> SUPPLIED DATA
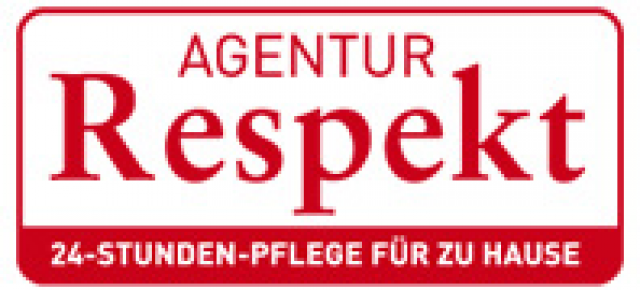 24 Stunden Betreuung und Pflege zu Hause Deutschlandweit - Dienstleistungen Business Gewerbe - München
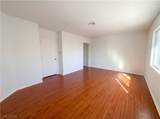 3431 White Mission Drive - Photo 20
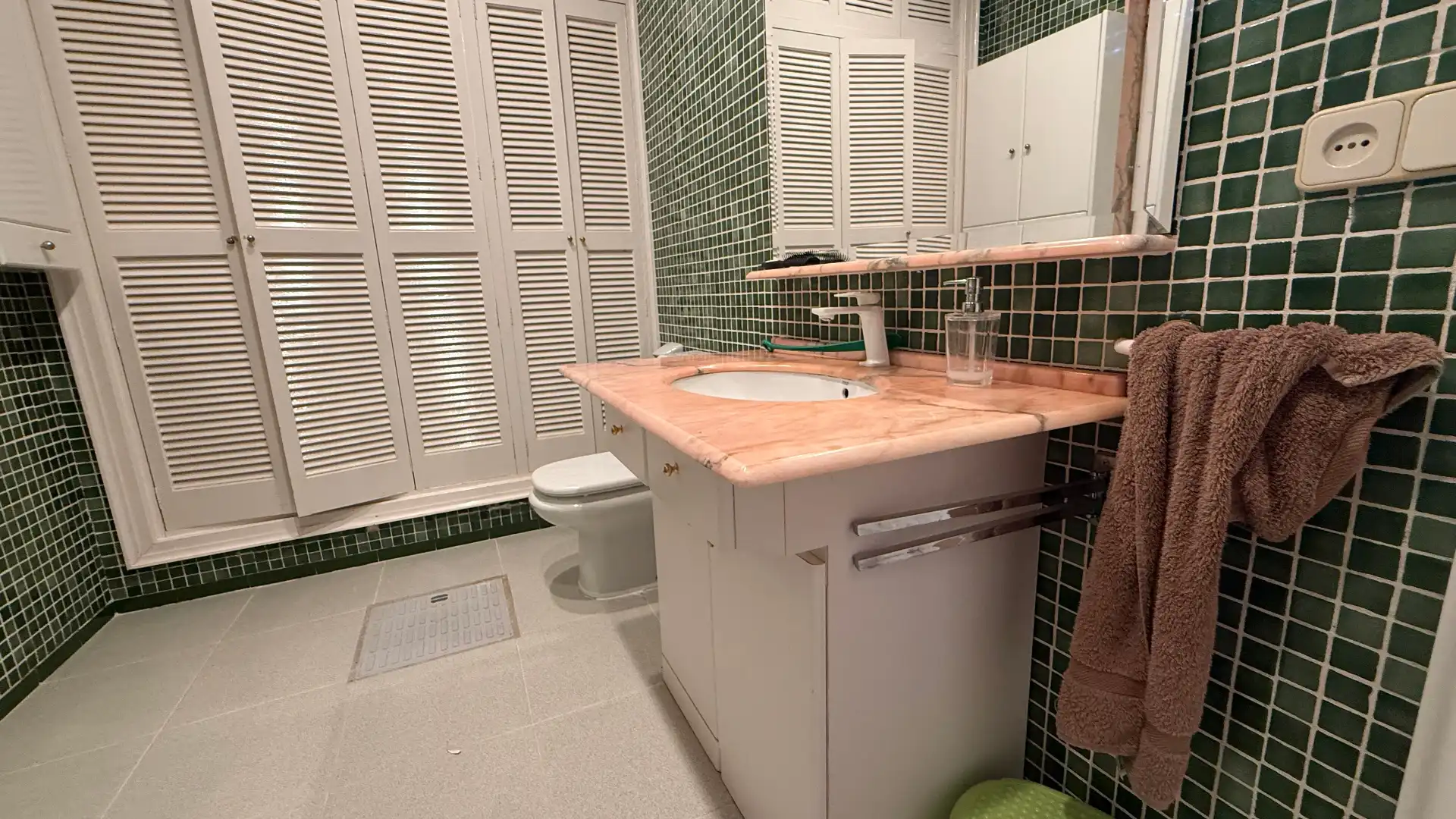 Villa avec jardin à vendre à Urbanizacion Aguasol, imagen 47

> EXERCISE AIM
Reproduce the data above exactly, leaving each picture out.

> SOLUTION TO THIS TASK
 24 Stunden Betreuung und Pflege zu Hause Deutschlandweit - Dienstleistungen Business Gewerbe - München
 3431 White Mission Drive - Photo 20
 Villa avec jardin à vendre à Urbanizacion Aguasol, imagen 47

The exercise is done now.